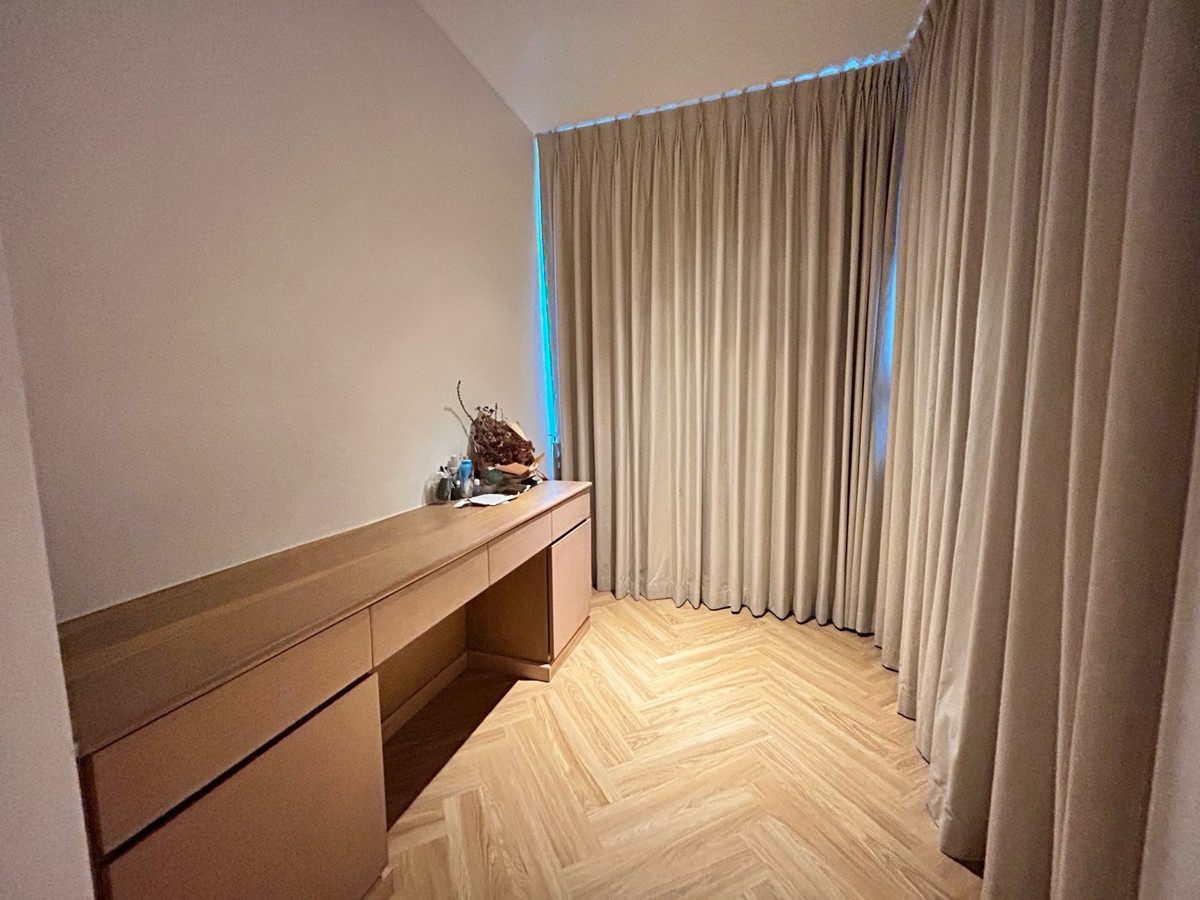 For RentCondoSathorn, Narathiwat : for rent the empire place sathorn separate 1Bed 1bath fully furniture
◆ ◆ ◆ ◆ ◆
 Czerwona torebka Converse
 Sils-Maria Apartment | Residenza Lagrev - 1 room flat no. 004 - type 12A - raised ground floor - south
◆ ◆ ◆ ◆ ◆
ASSIGNED TASK:
Take the entries above and return only the lines from the one with "Czerwona torebka Converse" to the one with "Sils-Maria Apartment |", both included, unchanged.

RESPONSE AREA:
 Czerwona torebka Converse
 Sils-Maria Apartment | Residenza Lagrev - 1 room flat no. 004 - type 12A - raised ground floor - south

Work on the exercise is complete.